The First American President to Win the Nobel Peace Prize

Theodore Roosevelt was the first for this prize and many other honors.

By Bob Brown, Guest Writer, 10-21-09

  Bob Brown. Photo courtesy of Center for the Rocky Mountain West.
  Bob Brown. Photo courtesy of Center for the Rocky Mountain West.

President Obama isn’t the first American President to win the Nobel Peace Prize. The first President, as well as the first American, to receive that coveted honor was a one-time member of the Montana Stock Grower’s Association.  Theodore Roosevelt was also the first and only future President to win the Congressional Medal of Honor.

Roosevelt was awarded the peace prize for successfully mediating the end to the bloody Russo–Japanese War. He received the Medal of Honor for leading his Rough Rider’s in their hell-for-leather assault on San Juan Hill.

In my opinion Theodore Roosevelt (he disliked the moniker “Teddy”) was the most remarkable American who ever lived.  His portrait has been on my office wall for three decades.  I have over 60 volumes by him or about him.
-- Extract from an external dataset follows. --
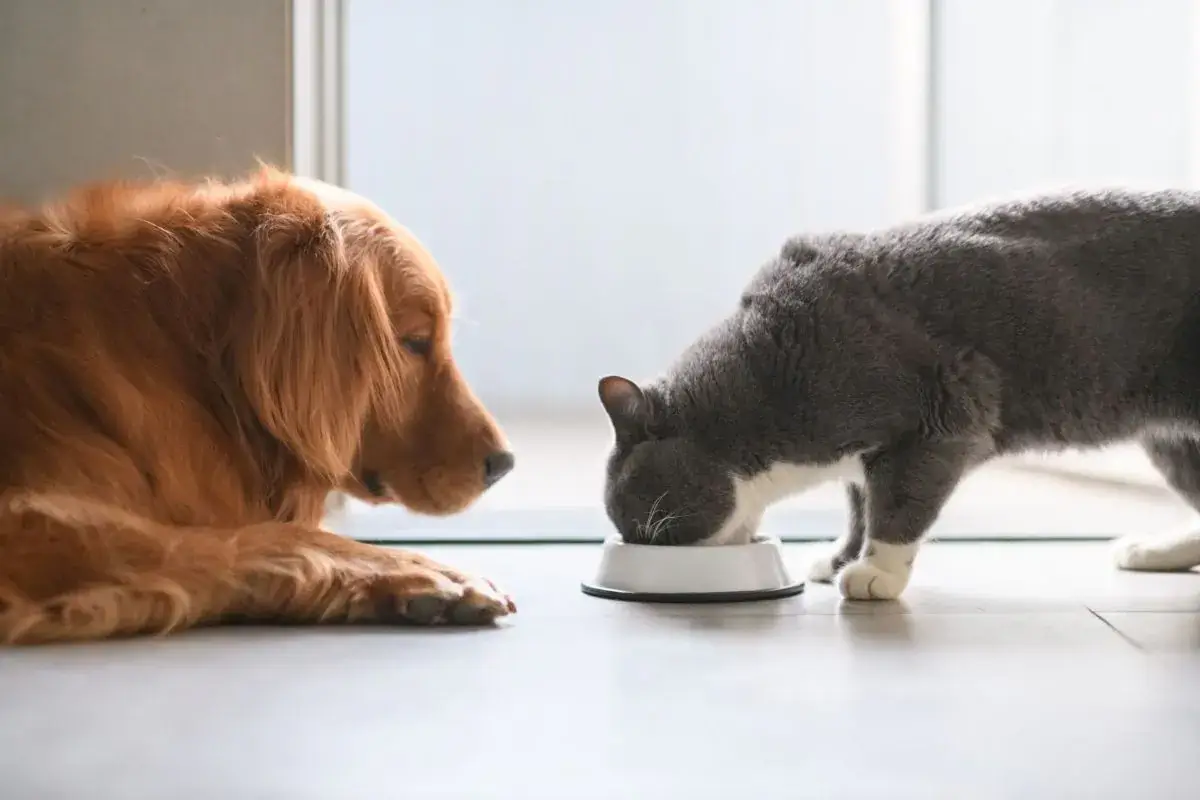 狗狗看貓吃貓飼料的圖片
He was also the first President to be sworn in on a Bible, the first to drive a car, pilot a submarine and fly in an airplane.  He still holds the Guinness record for shaking 8150 hands in a single day. He was the first and only President to box and engage in jujitsu in the presidential mansion, which he named the White House. He also was the author of 33 books and scholarly articles.

Theodore Roosevelt was the first American President to have an African American as his dinner guest in the White House.  He was the first to appoint a Jewish cabinet member, and to personally meet a pope.  He was the first President to use executive power to establish national monuments, including the Grand Canyon and Lewis and Clark Cavern (transferred to the Montana state park system in 1937) .In the face of powerful opposition he expanded land reserved for public use from 43 million to 194 million acres.
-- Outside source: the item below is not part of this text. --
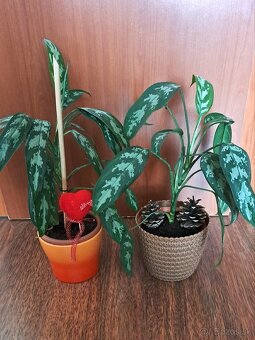 Aglaonema - izbová rastlina - 3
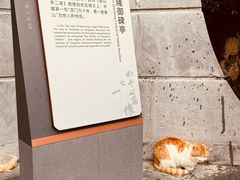 -龙门石窟-香山寺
He created the U.S. Forest Service, the Department of Commerce and the Panama Canal. (“I took the canal zone and let Congress debate, and while the debate goes on the canal does also.”} He was the “trust buster” who courageously broke oil and railroad monopolies. He successfully championed safer and cleaner working conditions and laws for inspections of food and drugs.

In his September speech to the nation on health care, President Obama noted that in his “Bull Moose” Progressive run for the Presidency in 1912, Roosevelt was the first presidential candidate to propose a nationalized system of health care.  Had he been elected, with his will and fighting spirit, Roosevelt might have accomplished that goal. The United States might have been the first industrialized democracy to recognize health care as a human right rather than eventually, maybe, the last.

He would not have “molly-coddled” the health insurance monopoly.  He knew that a leader can never succeed in anything of consequence by trying to make everyone happy.  And as a leader he had the toughness to stand in the public arena and fight for his convictions.  Shortly after leaving office he said, “Power undirected by high purpose spells calamity, and high purpose by itself is utterly useless if the will to put it into effect is lacking.”

The great Theodore Rex died in his sleep in 1919, shortly after World War I.  Upon receiving the news, Vice President Thomas Marshall observed that, “It is well that the grim reaper chose to take Theodore while he was sleeping because if had been awake there would have been a hell of a battle.”

It is amazing what can be accomplished by a true leader who earns the people’s trust and has the guts to actually fight for them. Theodore Roosevelt could give inspirational speeches.  More importantly, he acted on them.

Editor’s note:Bob Brown, former Montana Senate President and Secretary of State, is currently a Senior Fellow at The University of Montana Mansfield Center.